|Title:||A Practical Guide to Feature-Driven Development|
|Authors:||Stephen R. Palmer, John Mac Felsing|
Feature-Driven Development (FDD) is Jeff De Luca's pragmatic, agile approach to developing software. It combines key advantages of other agile approaches with model-centric techniques and fluid team organisation. This means that FDD easily scales to much larger teams and projects than generally recommended for other agile approaches. FDD is also characterised by an emphasis on quality throughout the process, and timely, accurate, meaningful status reporting and progress tracking for all levels of leadership. It also happens to be one of the most satisfying ways of working in a software development team that I have experienced.

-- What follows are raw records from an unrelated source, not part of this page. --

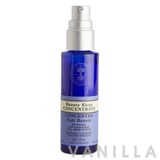 Neal’s Yard Remedies Beauty Sleep Concentrate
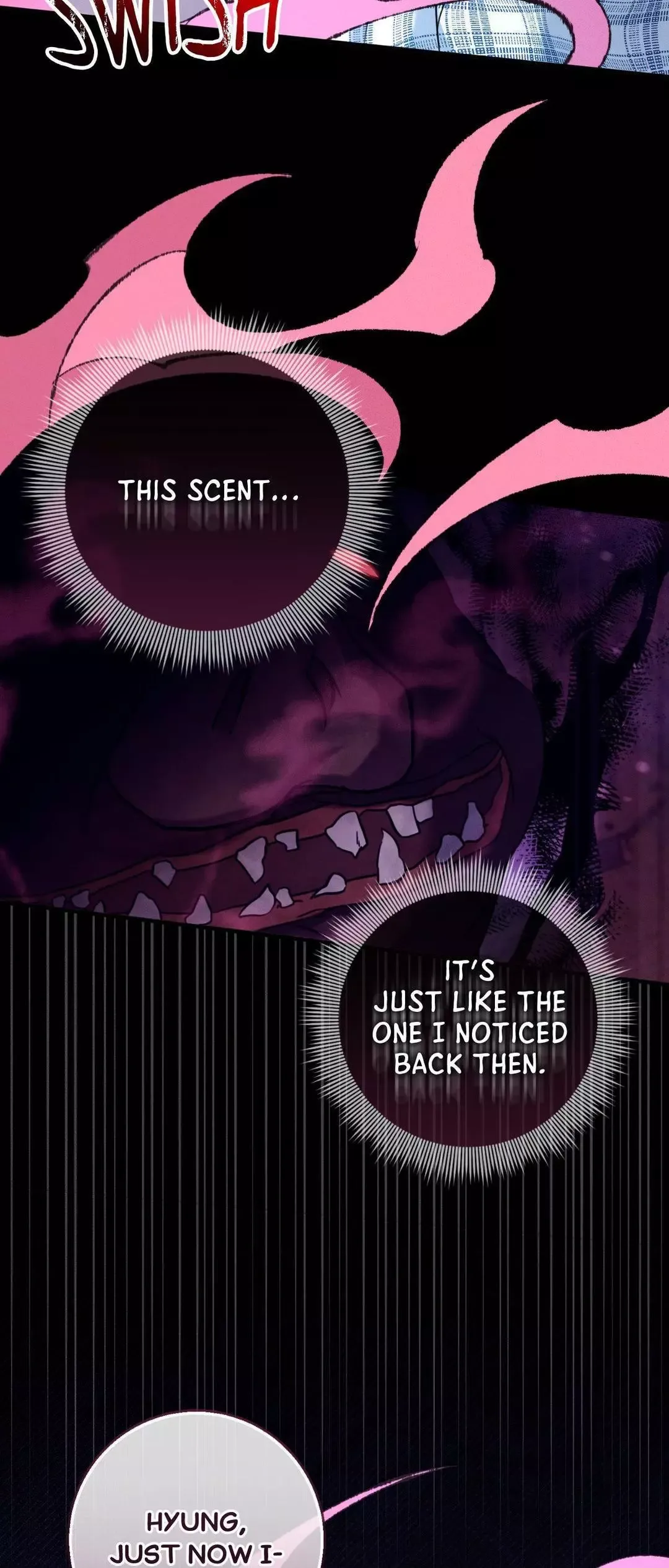 Night of the Unmarked - Chapter 30 Page 51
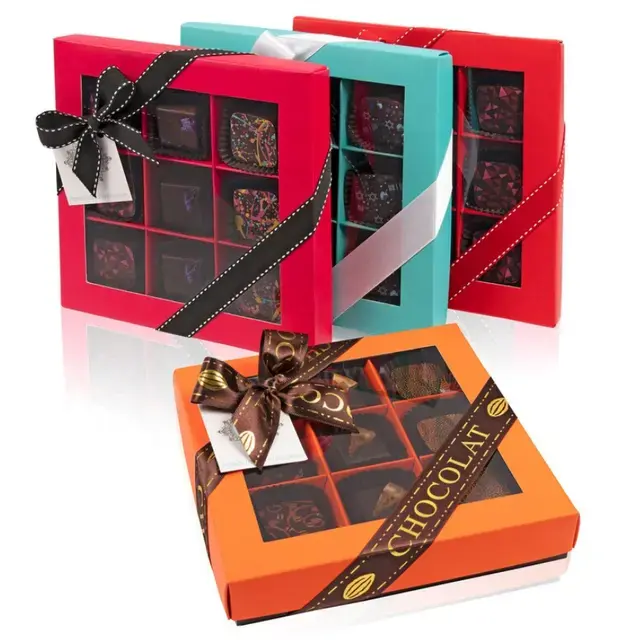 custom-chocolate-boxes-custom-chocolate-packaging-boxes-custom-window-chocolate-boxes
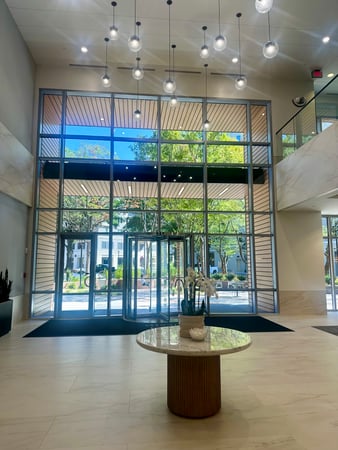 Images Oasis Business & Insurance Solutions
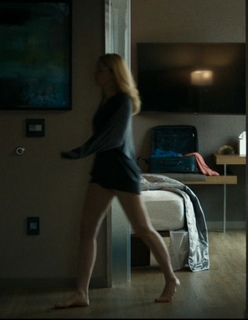 Emma Laird feet photo 14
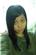 Genica Alvior Antonio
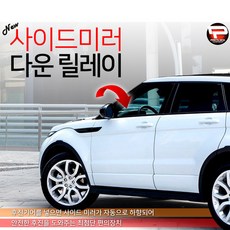 //상품명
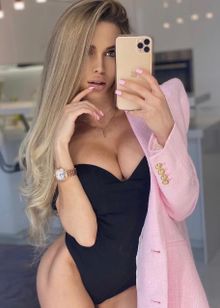 Анкета элитной шалавы Анита, 20 лет, Арбатская, вызвать по тел. +7 930 982-45-61, 89380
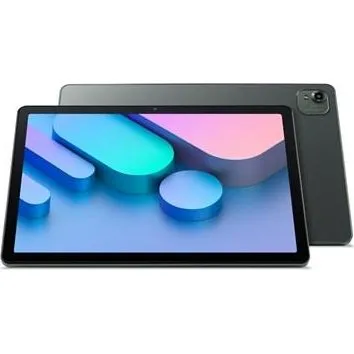 Acer Iconia V11-21M 11" Tablet 256GB 8GB 4G WiFi Grå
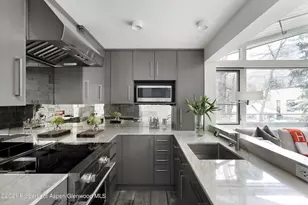 1001 E Cooper Ave, Aspen, CO 81611 - Photo 4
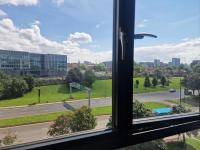 Westminster Luxury Liverpool Apartment with Free Parking - B&B Liverpool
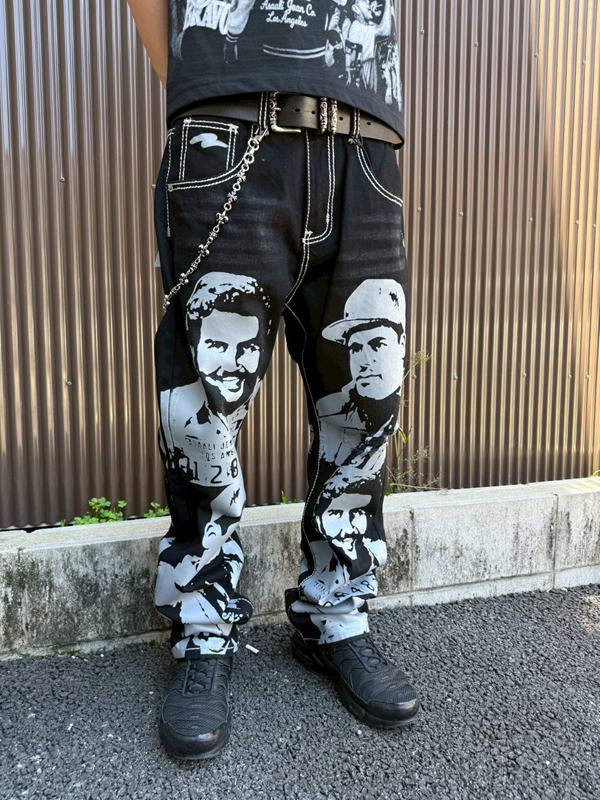 スタイリング画像4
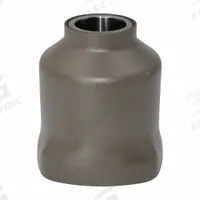 INGERSOLL RAND Hammer Case Assembly: 3/4 in Impact Wrench Compatible (MPN 2145-D727). Key specifications — attr1170862: 3/4 in Impact Wrench; attr1170863: 2145QIMAX-3; attr1170869: INGERSOLL RAND; attr1179955: Hammer Case Assembly.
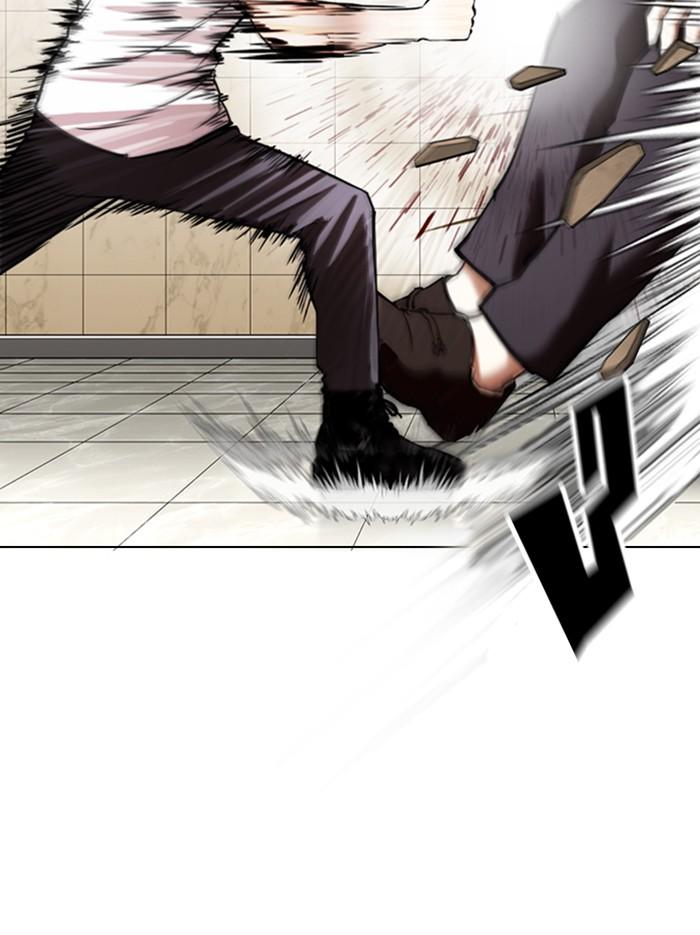 อ่านมังงะ Lookism หน้าที่ 69 แปลไทย
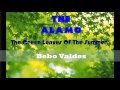 The Green Leaves Of Summer -  Bebo Valdes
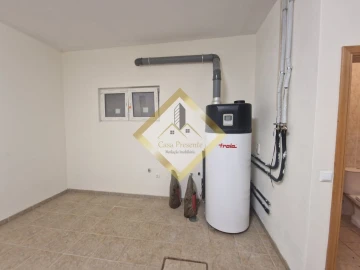 Moradia T3 para Venda em Canedo, Vale e Vila Maior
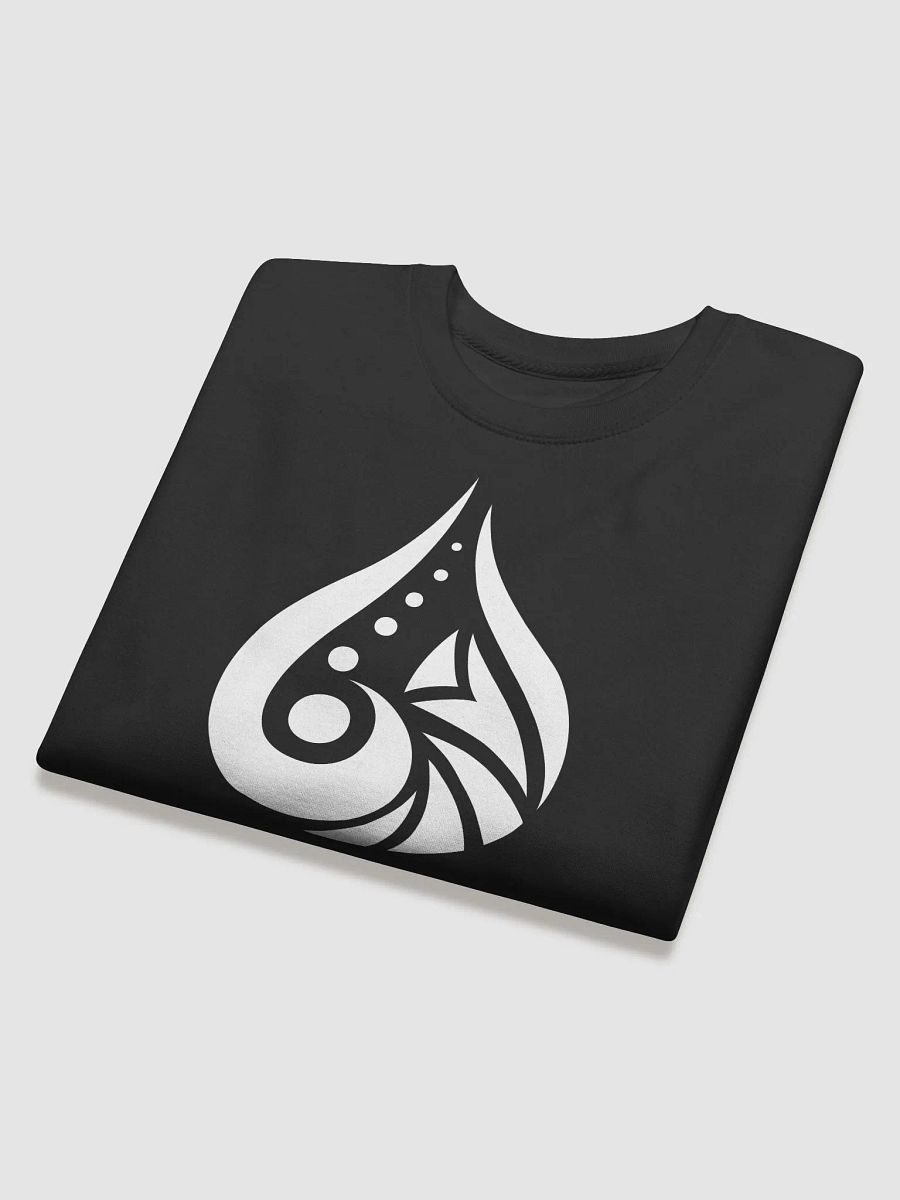 Mizu Basics Sweatshirt product image (3)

In the spring of 2001, Peter Coad asked Mac Felsing and myself to write a book about Feature-Driven Development for his new Coad Series published by Prentice Hall.
The book was published in 2002, translated into Chinese, Japanese, and Russian, and is still the only book solely about using FDD. It would have been far, far better if Jeff De Luca had written it but he has always been too busy on other projects. Therefore, with Mac's help, I had a crack at writing up my understanding and experiences of FDD at that point in time.
You can ask questions about and discuss FDD at Jeff De Luca's FDD Community website.Jeff's company, Nebulon, also provide workshops, mentoring and certification in FDD .
Table of Contents:
- Chapter 1: Process Pride
- Chapter 2: Projects and People
- Chapter 3: Practices
- Chapter 4: Processes
- Chapter 5: Progress
- Chapter 6: Packages
- Chapters 7-11: Five Processes in Practice
- Chapter 12: Technical Architecture
- Chapter 13: Testing
- Chapter 14: Other Surroundings
- Chapter 15: All Change
The introduction describes the origins of the Feature-Driven Development process and introduces the key people involved with its beginnings. Read more on this...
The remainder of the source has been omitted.